Saturday, August 09, 2008

Health then Order

If you ask someone, anyone, what is the most important thing to them, the usual answer is health. With health, one may accomplish anything within one’s capability. Without health, the only thing one works on and strives for is getting it back. Of course there are desperate situations, where you have lost your health, and are for example, terminal, and then you ask yourself what you want to do with your final days. But, whenever there is a chance of recovery, we go for it.

Some people do not answer health as their first priority. These are people who have never lost it or had it in jeopardy. There is a saying, “You don’t know what you had until you lose it”, referring to a lost love or something romantic. It is much more true about health. People born with perfect health who have never been seriously threatened by injury or illness may not have any conception of how valuable it is.
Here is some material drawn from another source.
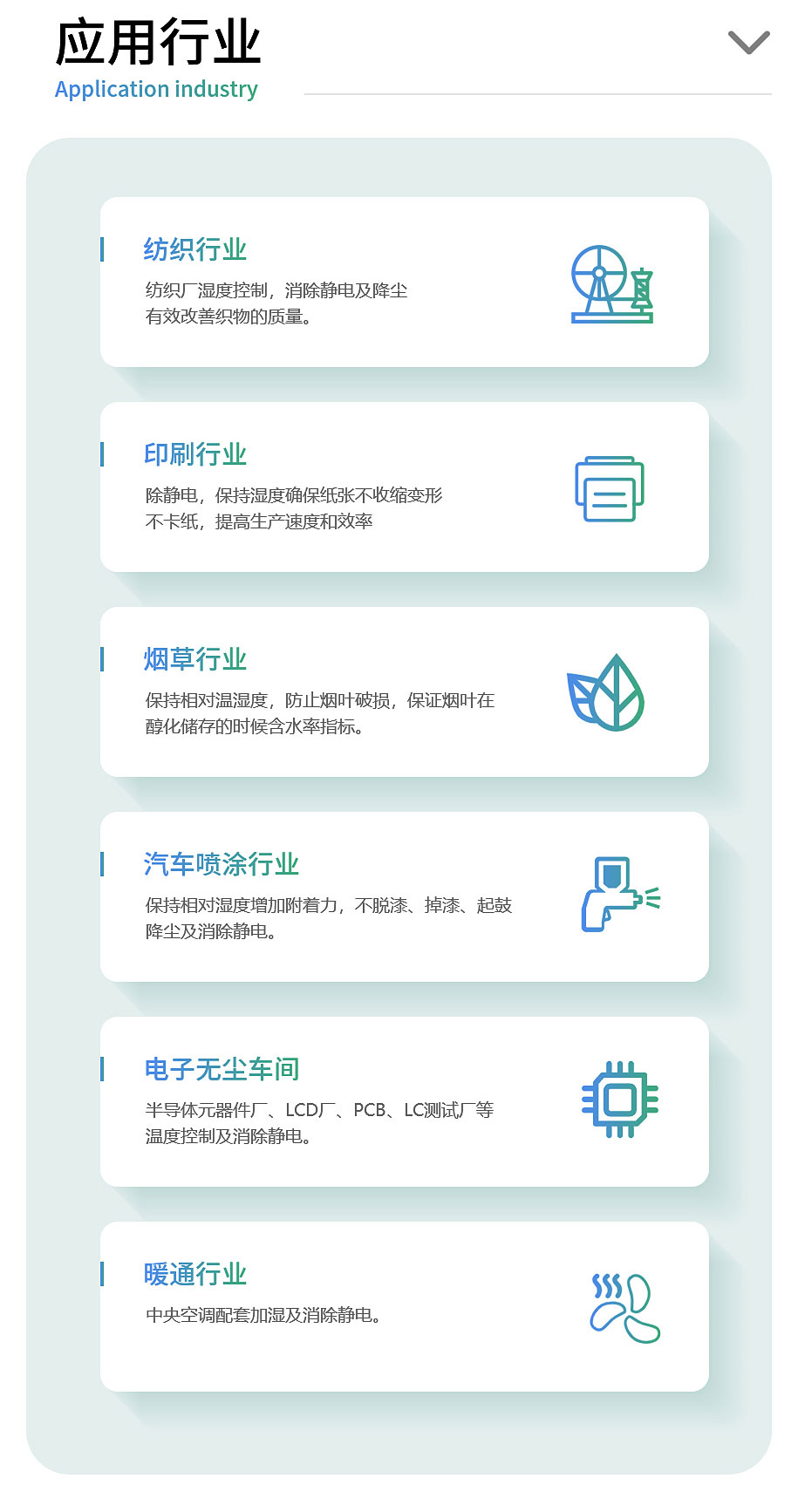 加湿系统应用行业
This is especially true for young people who may not have even seen their parents suffer ill health. They simply have no experience with it.

The other end of the spectrum are those who are chronically ill and have always been that way. They have never experienced the exhilaration of good health, and don’t have the same longing for it that those who have had it and lost it have. If you’ve never been to Paris, you can hardly feel a strong emotion to return once again. Imagination is no substitute for the real thing.

After people have come to the conclusion that health is the most important thing, the obvious question is “What is second?” Many answers come up, depending on the person, and what they have had and lost and possibly regained. “Prosperity” might be one, and “A good family” or “A good spouse” might be another. A few people give religious answers. Some have a very specific goal that has eluded them, such as the return of a prodigal child or relationship, or a variant on health, such as “Lack of depression”.

Why is health an undisputed number one, and number two up for grabs? Health is number one because it is the chief enabler, as well as a provider of good feelings, in and of itself. When you are healthy, your endorphins, serotonin, and dopamine are up, which are the pleasure and reward chemicals that are the mechanism we use for making decisions, the neurotransmitters that condition our brain to seek activities that produce more of the same. They are the basis for our motivation. But besides a direct squirt of pleasure in the brain, health makes the accomplishment of everything else not impossible. A complete lack of health makes it impossible to get anything else done, and, returning to the neurochemical side, saps our motivation to do much of anything. Lack of health is a depressant, unless of course it serves to strongly motivate you to get it back.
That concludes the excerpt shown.